MATERIAL PROVIDED:
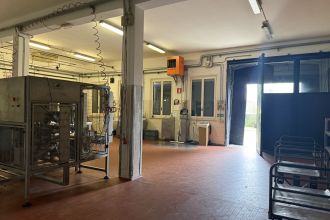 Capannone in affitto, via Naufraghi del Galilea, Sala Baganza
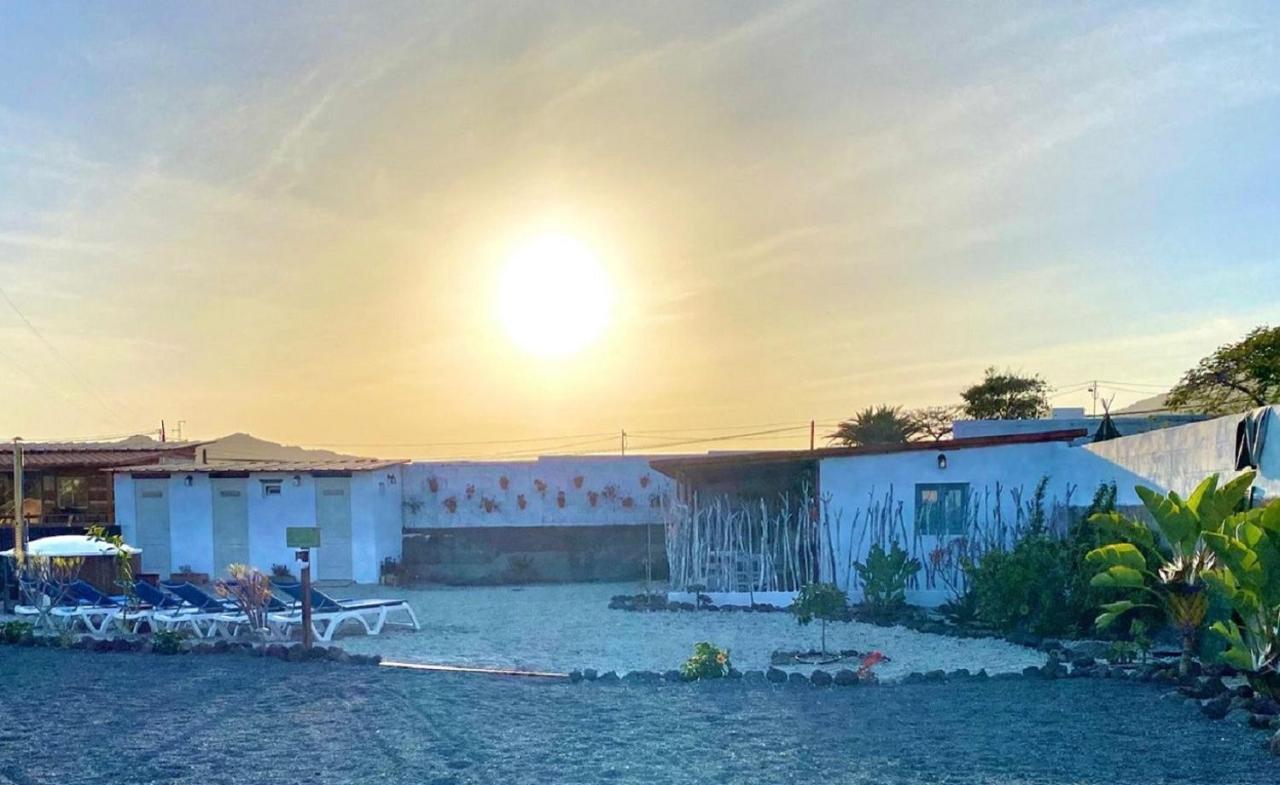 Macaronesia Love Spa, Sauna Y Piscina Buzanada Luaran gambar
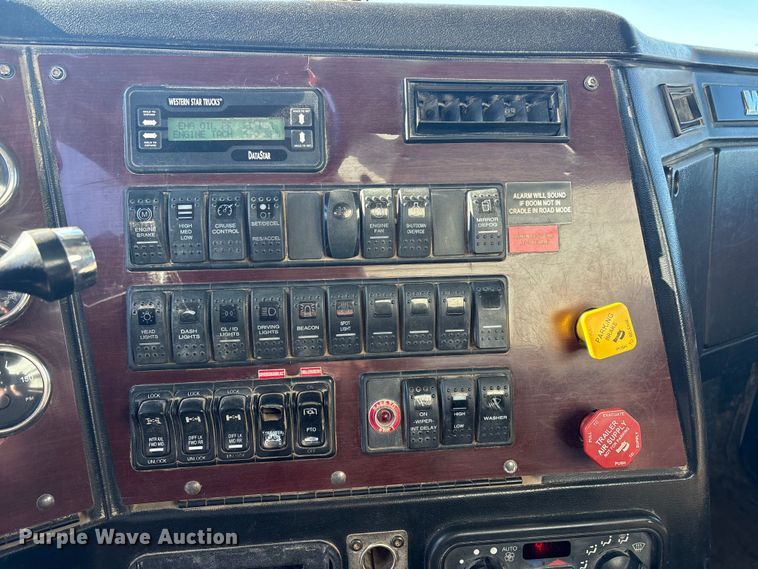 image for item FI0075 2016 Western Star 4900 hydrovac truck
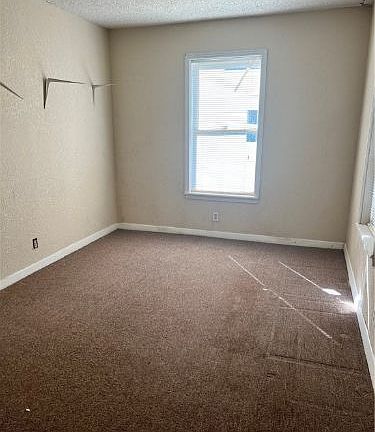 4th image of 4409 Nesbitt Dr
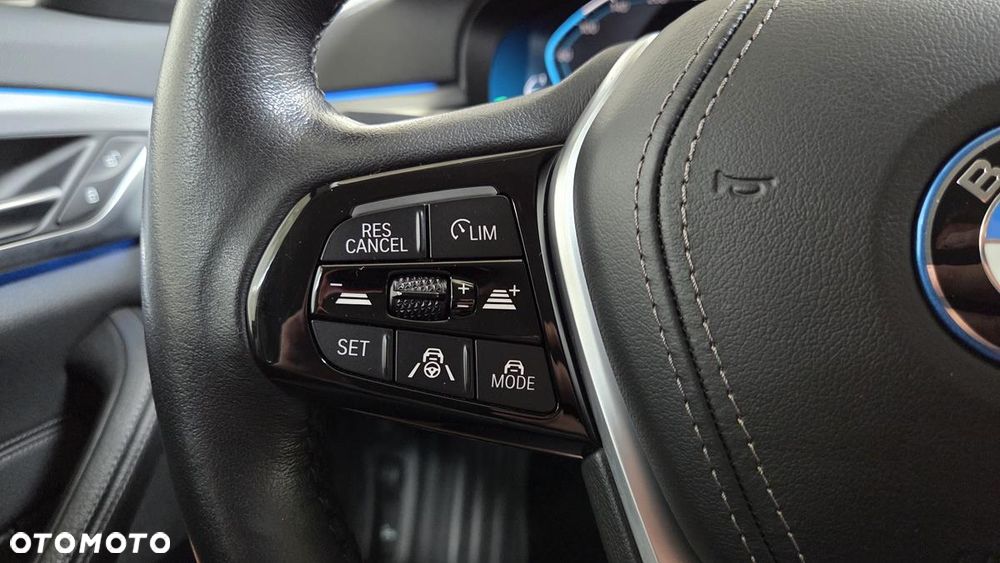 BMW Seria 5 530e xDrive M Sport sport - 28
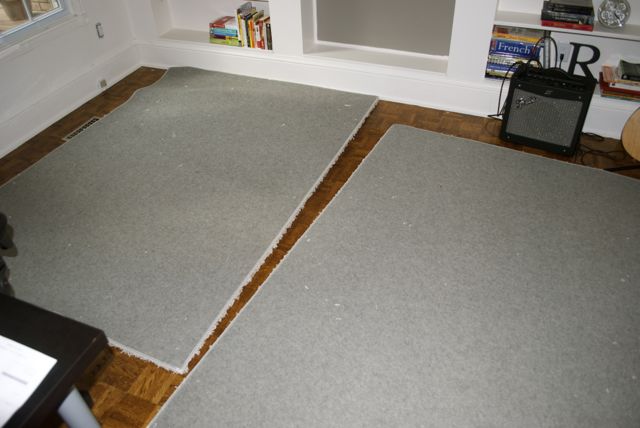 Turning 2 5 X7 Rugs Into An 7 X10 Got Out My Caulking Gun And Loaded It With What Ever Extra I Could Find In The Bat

---

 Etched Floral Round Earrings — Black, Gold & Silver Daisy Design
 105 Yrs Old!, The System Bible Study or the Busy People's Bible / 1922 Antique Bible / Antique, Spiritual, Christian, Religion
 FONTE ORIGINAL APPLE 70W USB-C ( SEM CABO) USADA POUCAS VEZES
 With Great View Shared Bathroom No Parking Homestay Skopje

YOUR ASSIGNMENT: Copy the lines above between the one holding "BMW Seria 5 530e xDrive M Sport sport - 28" and the one holding "Turning 2 5", inclusive. Drop the pictures.

SOLUTION TO THE EXERCISE:
 BMW Seria 5 530e xDrive M Sport sport - 28
 Turning 2 5 X7 Rugs Into An 7 X10 Got Out My Caulking Gun And Loaded It With What Ever Extra I Could Find In The Bat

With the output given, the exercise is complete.